= Magnetic boots =

Magnetic boots are boots that are magnetic, which allows them to attach to the ferrous floor or hulls of a spacecraft during weightlessness, and presumably would allow someone to walk around the cabin of a spacecraft.

==Use by astronauts==
Magnetic boots have not yet been used in actual space flight. Astronauts on the International Space Station use foot straps to stand in place at workstations or on exercise equipment.

== Use in construction industry ==
Construction workers and in particular steel roofers are exposed to risk of fall. According to the Bureau of Labor Statistics, nearly 22,000 falls happen per year. More than 400 workers die from them every year.

Steel roofs are more durable than other types of roof. They are also one of the most slippery. To improve workers stability and safety, some companies like Navail LLC provide magnetic work boots for construction workers.
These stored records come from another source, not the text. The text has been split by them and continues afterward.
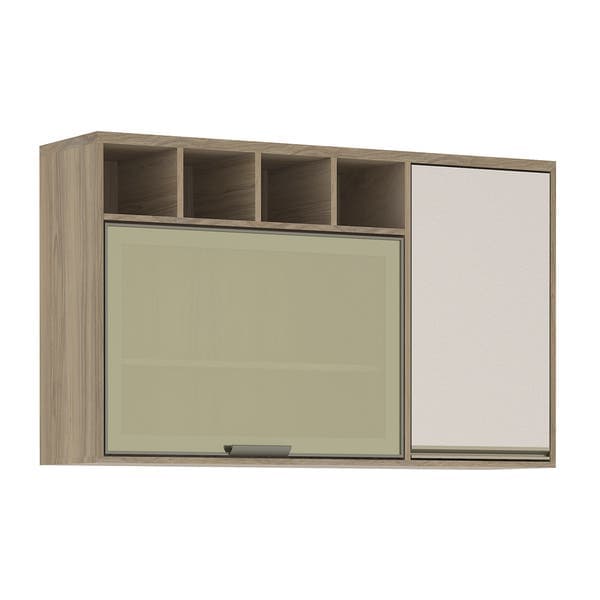 Armário Aéreo 2 Portas de Abrir e Basculante 1,2mx73cmx31,5cm MDP Pérola Reflecta Mel Selfie Luciane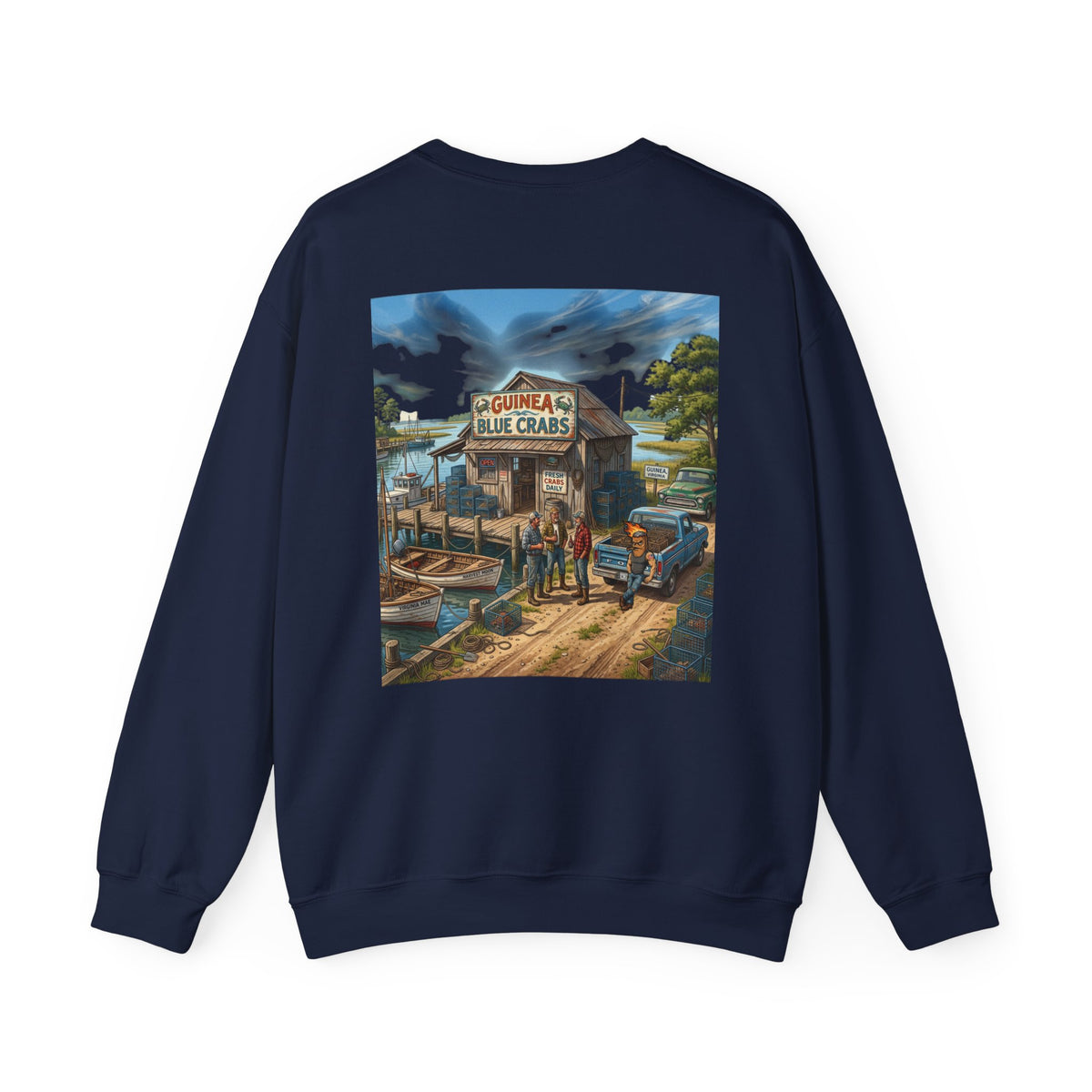 Xedition77 CRAB"POT" LIFE GUINEA VA.American Flag Chest Patch Crewneck Sweatshirt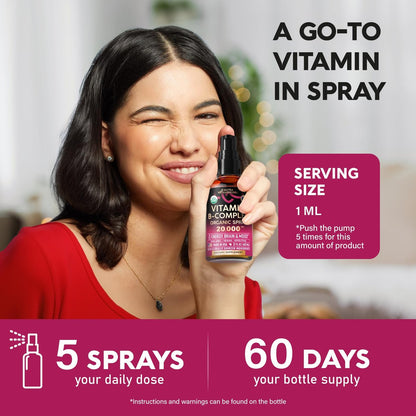 USDA Organic Vitamin B-Komplex Liquid Spray 8-in-1 – B5 Pantothensäure | B12 Methylcobalamin | B1 Thiamin | B6 Pyridoxin | B7 Biotin | B9 Folsäure | B3 Niacinamid – Beerengeschmack – 60 ml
==Use in science fiction==
Although many science fiction works assume some type of artificial gravity or use rotation to "create" gravity, magnetic boots still feature for purposes of exterior repairs or in emergency situations.

Magnetic boots were notably used in Star Trek VI: The Undiscovered Country to stage a surprise attack by disabling the artificial gravity on a ship and so providing a tactical advantage to attackers wearing them. The investigation of who had access to magnetic boots featured prominently in the plot. Other Star Trek depictions include Star Trek: First Contact where the crew battle cyborgs on the hull of the ship and Star Trek: Enterprise where they are used for hull repairs.

Such boots were featured in The Adventures of Tintin comic Explorers on the Moon, to prevent the characters from floating around in the cabin if the artificial gravity failed.

The Celestial Voyages historical science fiction series by Jeff Provine uses magnetic boots as the main sense of balance in its Edwardian starships.

In the Ratchet & Clank series, one of the gadgets is a pair of "Magneboots", which are used to traverse special ventilation shafts in the first installment of the series Ratchet & Clank. Though in Ratchet & Clank: Going Commando and later, the Magneboots were replaced with the Gravity Boots, allowing one to walk up special vents and surfaces, to jump and walk like normal, and also to use weapons and other gadgets.

In 2010: Odyssey Two, it is stated that Soviets view artificial gravity as a luxury, and as such their vessel the Alexi Leonov features very limited artificial gravity. The crew uses magnetic shoes to easily walk around the ship. Magnetic shoes are a running theme of the series and are used by crews of small Pan Am shuttles as well.

In the novel and television series The Expanse, characters frequently use magnetized boots to keep themselves upright when not using thrust acceleration to simulate gravity.